REQUIRED ACTION
For the material that follows, return exactly the lines from the one with "出於私心的話，大家當然更想看到她 1989 年到訪香港的白色綴珠晚裝、外套造型加上皇冠的造型吧。" through the one with "Saboți și sandale Nr 40", both ends included.

EXCERPTED DATA
-- Opening Marker --

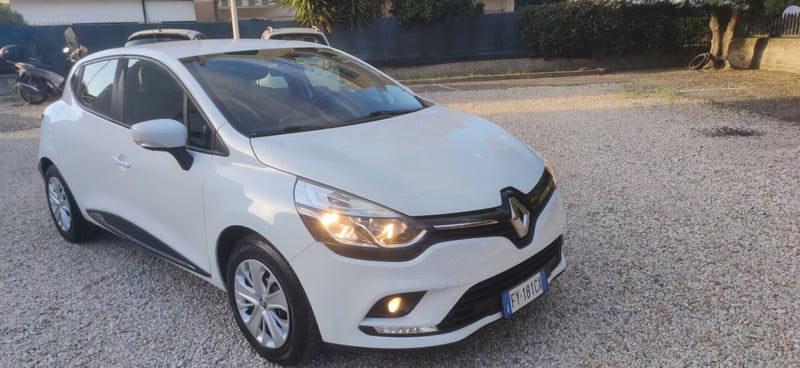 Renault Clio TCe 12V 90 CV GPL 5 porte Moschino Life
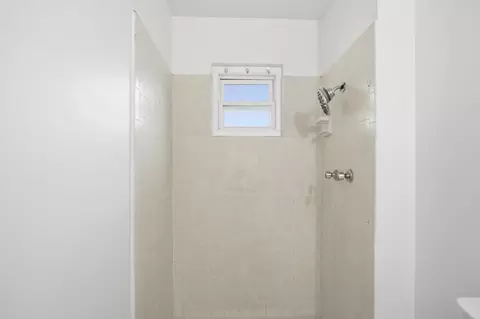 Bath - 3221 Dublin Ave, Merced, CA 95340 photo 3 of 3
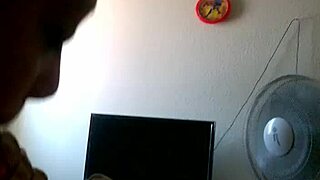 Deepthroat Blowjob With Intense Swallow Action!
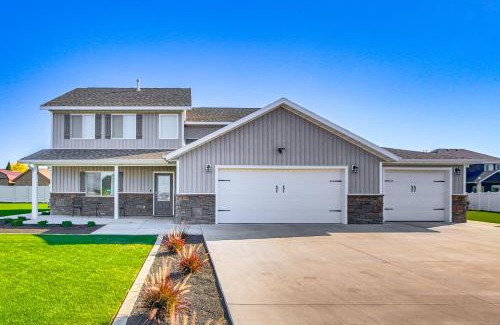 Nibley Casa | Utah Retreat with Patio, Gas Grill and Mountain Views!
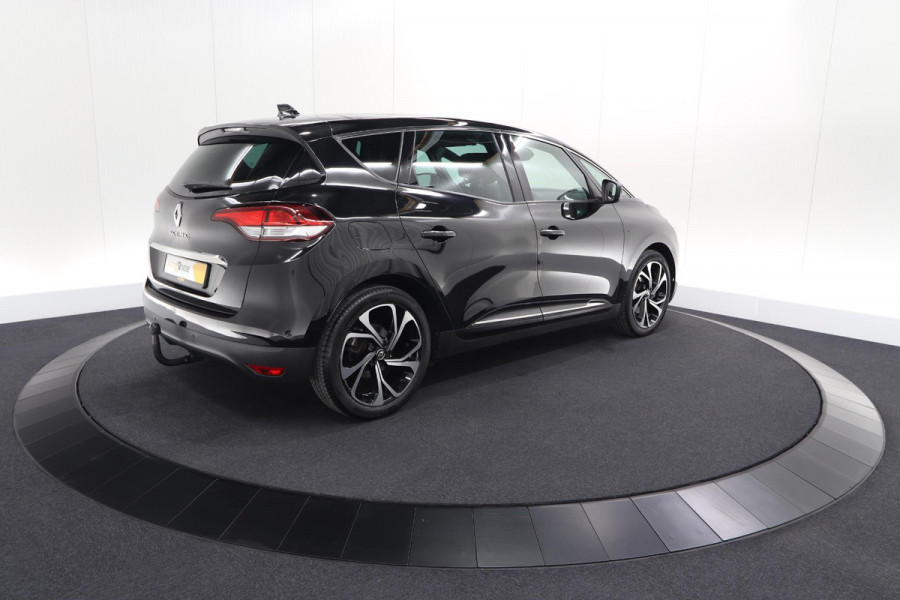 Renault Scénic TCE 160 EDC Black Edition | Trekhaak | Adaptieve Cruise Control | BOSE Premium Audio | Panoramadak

-- Closing Marker --
-- Opening Marker --

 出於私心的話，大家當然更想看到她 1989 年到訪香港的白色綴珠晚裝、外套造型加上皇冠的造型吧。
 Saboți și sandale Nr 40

-- Closing Marker --

THE ANSWER
 出於私心的話，大家當然更想看到她 1989 年到訪香港的白色綴珠晚裝、外套造型加上皇冠的造型吧。
 Saboți și sandale Nr 40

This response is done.